Following the publication of the Civil Justice Council’s interim report on litigation funding, industry leaders and experts have opined on the future direction of UK’s funding market. At a recent industry conference, attendees were treated to the views of the head of one of the country’s most important judicial bodies when it comes to litigation funding.
Reporting by CDR covers remarks delivered by Andrew Lenon KC, chairman of the Competition Appeal Tribunal (CAT) at the Global Class Actions Symposium.
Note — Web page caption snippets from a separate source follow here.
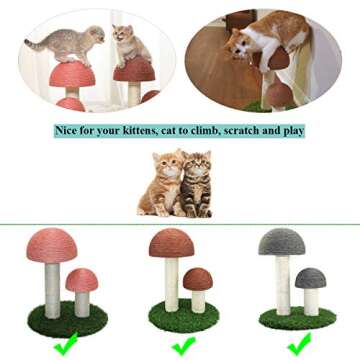 LisLtant Mushroom Cat Scratcher, Tall Cat Kitten Scratching Post for Indoor Cats and Kittens, Natura...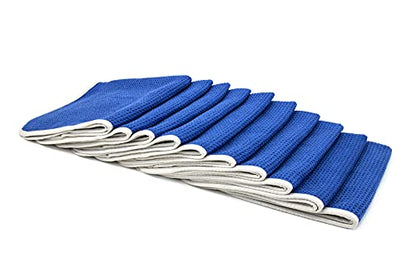 Autofiber [No Streak Freak] Microfiber Window and Mirror Waffle Towel (16"x16") (10 Pack, Blue) - color: Blue, size: 10 pack
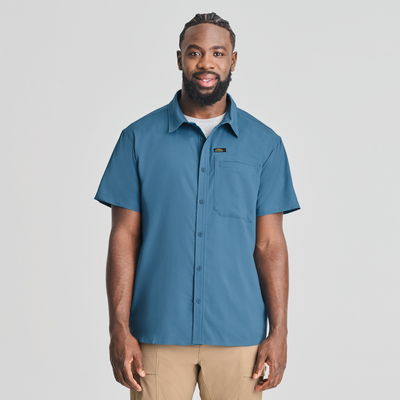 Gaspé - chemise légère manches courtes bleu pour homme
The keynote speech on the second day of the symposium saw Lenon discuss the current state of the CAT and the involvement of third-party funding, which he described as “essential to the success of the collective proceedings regime.”
Lenon noted that despite the period of uncertainty in the initial aftermath of the PACCAR decision, he suggested that “it seems likely that the UK market for litigation funding and collective proceedings will continue to grow.” Furthermore, Lenon argued that in this growth environment, the result would be the emergence of a “fully functioning competitive market for litigation funding.”
The CAT’s chairman emphasised the tribunal’s role “to clarify the legal principles relating to funding arrangements”, with a focus on ensuring that “collective proceedings do not become a cash cow to funders and lawyers, with minimal returns to class members.” However, in a welcome nod to funders and lawyers alike, Lenon assured that the CAT “will be slow to interfere with funding arrangements freely negotiated between funders and class representatives.”
Whilst he acknowledged that the CAT must keep a close eye to ensure that funder’s fees and legal costs do not spiral out of control, Lenon agreed that it was “entirely legitimate for funders to seek a return on their investment.” In summarising the CAT’s position on interfering with litigation funding agreements, Lenon said that “the tribunal should therefore be slow to second guess.”